Write out again, word for word, the lines below from the line that holds "Gates of Wisdom" through the line that holds "Apartamento Bellavista", omitting pictures.
----------
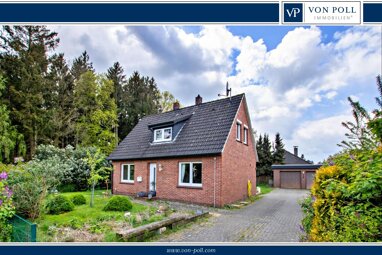 Einfamilienhaus zum Kauf 269.000 € 4 Zimmer 94,7 m² 822 m² Grundstück Wildeshausen 27793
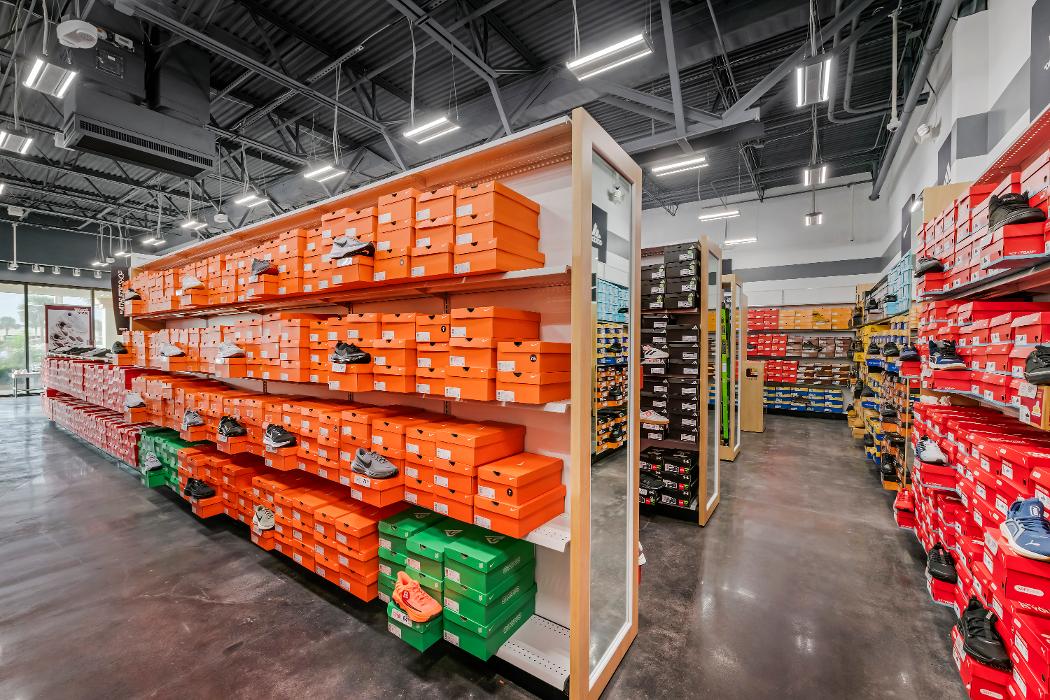 Rack Room Shoes Image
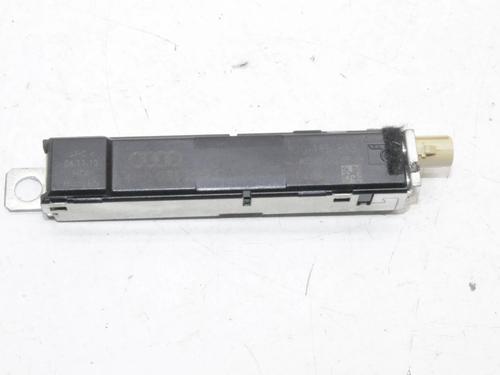 Used Electronic module Electronic module AUDI A8 D4 (4H2, 4H8, 4HC, 4HL) 3.0 TDI quattro (258 hp) 39859008 39859008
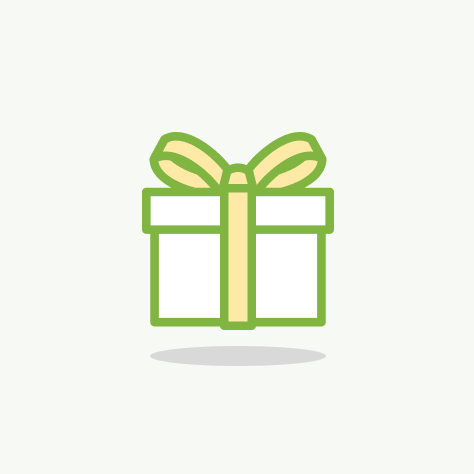 プレゼント受取場所へGO！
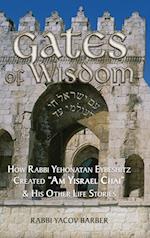 Gates of Wisdom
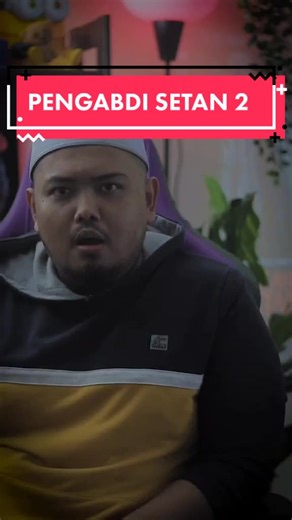 PENGABDI SETAN 2 Review: Seram Gila!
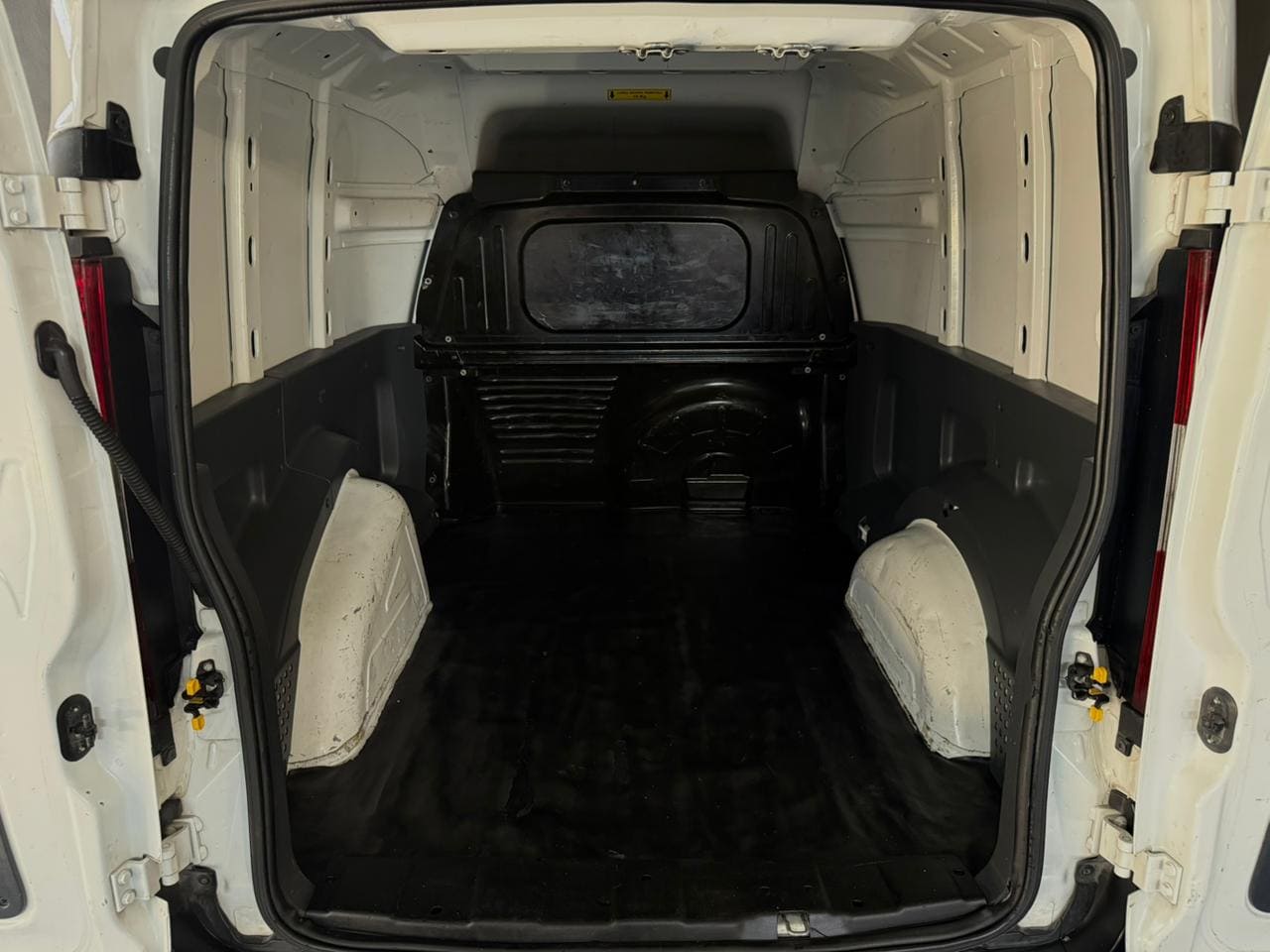 RAM PROMASTER RAPID 2023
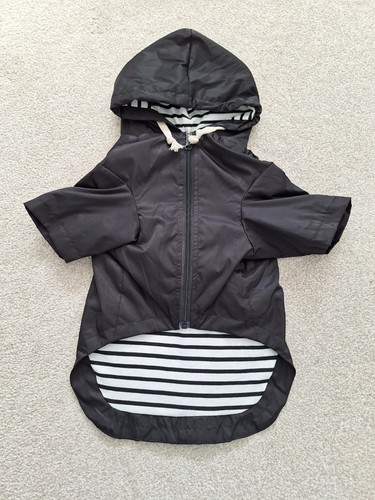 Hooded waterproof raincoat for - waterproof,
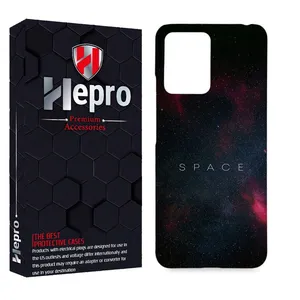 HEPRO MC Cover for XIAOMI Redmi Note 12 5G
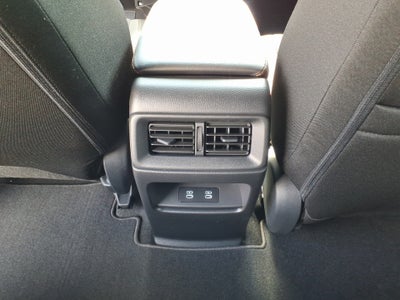2026 Honda CR-V Hybrid 2WD Sport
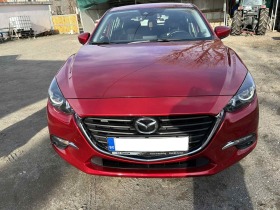 Обява за продажба на Mazda 3 Challenge ~24 700 лв. - изображение 1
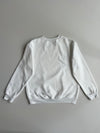 Champion Reverse Weave Blank Crewneck (M)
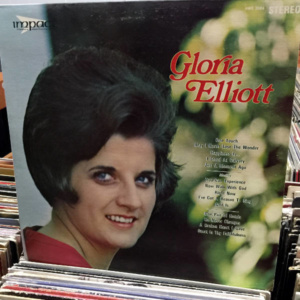 Gloria Elliott-Gloria Elliott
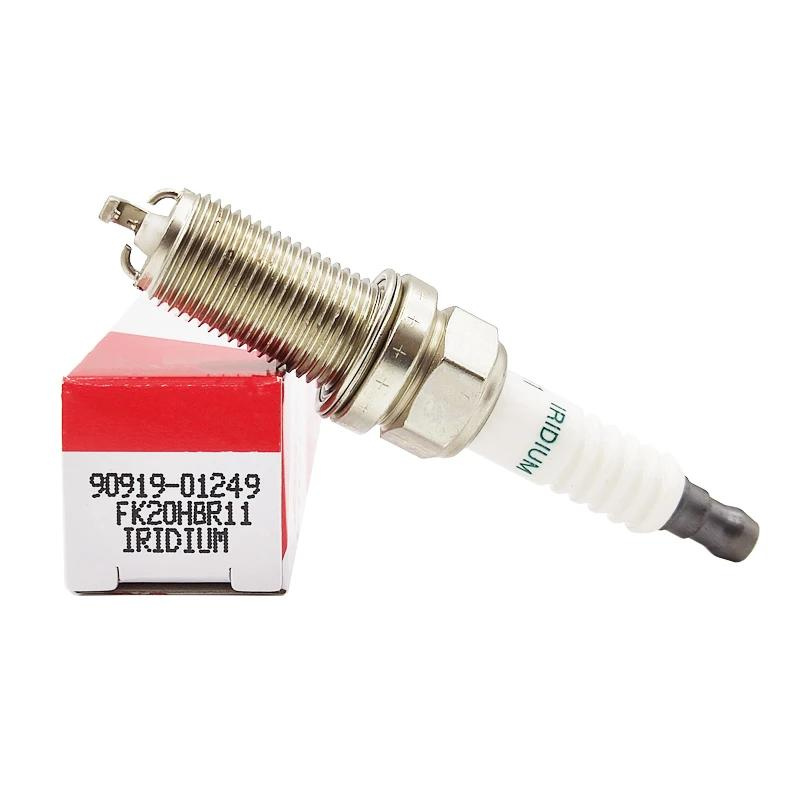 Spark Plug Toyota Mark X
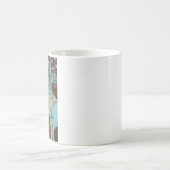 Mug Saint Padre Pio (Centre)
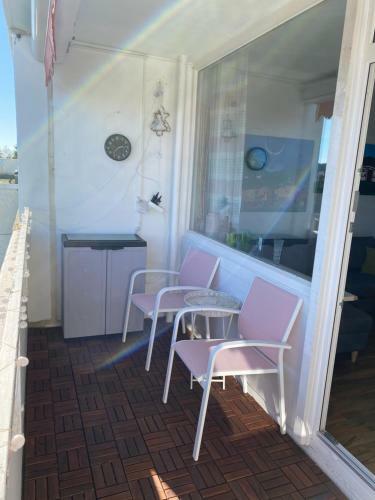 Apartamento Bellavista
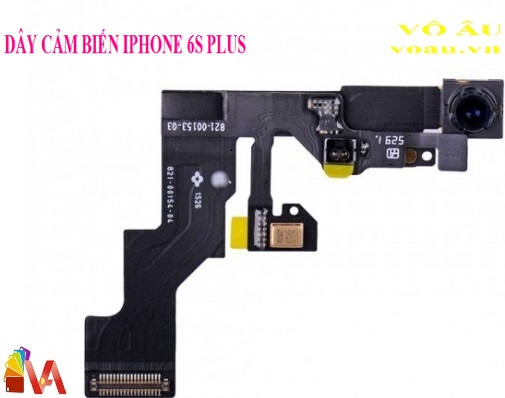 DÂY CẢM BIẾN IPHONE 6S PLUS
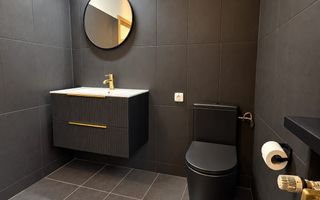 Apartament 4 camere | Vila | TVR | 137mp - Poză 6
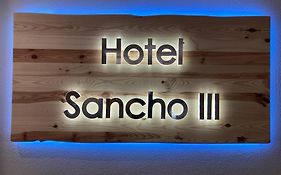 Hotel Sancho III Alcoceber Exterior photo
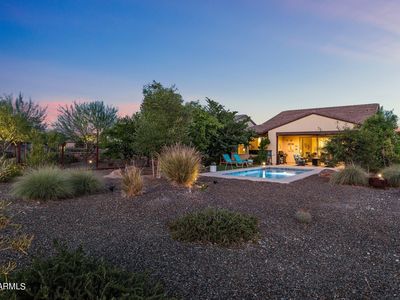 4410 Noble Dr, Wickenburg, AZ, 85390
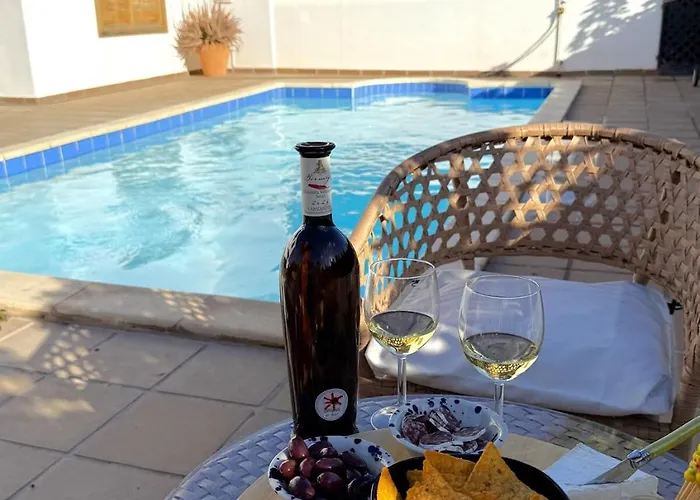 Casa Tara * بلايا بلانكا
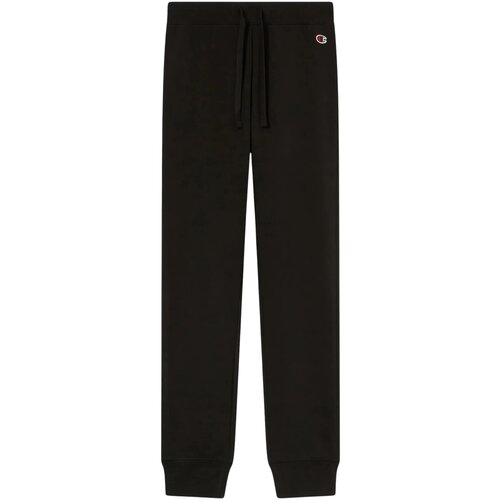Champion Authentic Athletic Apparel Hlače črna Cene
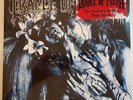 The Principle of Evil Made Flesh Cradle of Filth SEALED BLOOD SPLATTER 2LP Vinyl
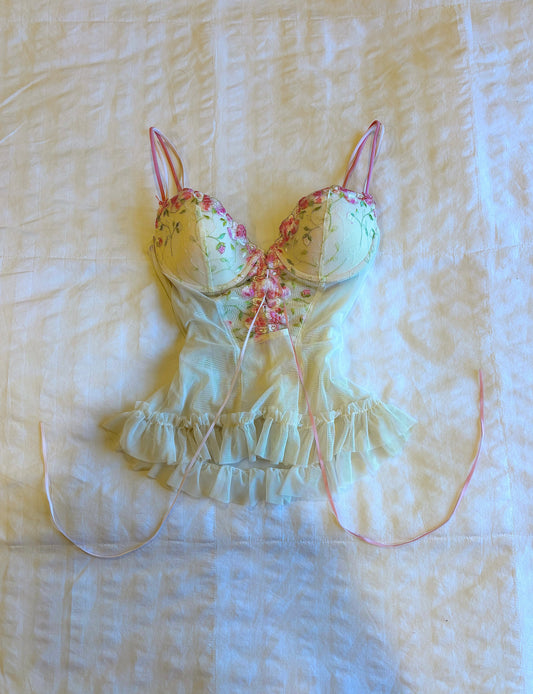 fairy top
----------
--- Completed task ---
 Gates of Wisdom
 PENGABDI SETAN 2 Review: Seram Gila!
 RAM PROMASTER RAPID 2023
 Hooded waterproof raincoat for - waterproof,
 HEPRO MC Cover for XIAOMI Redmi Note 12 5G
2026 Honda CR-V Hybrid 2WD Sport
 Обява за продажба на Mazda 3 Challenge ~24 700 лв. - изображение 1
 Champion Reverse Weave Blank Crewneck (M)
 Gloria Elliott-Gloria Elliott
 Spark Plug Toyota Mark X
 Mug Saint Padre Pio (Centre)
 Apartamento Bellavista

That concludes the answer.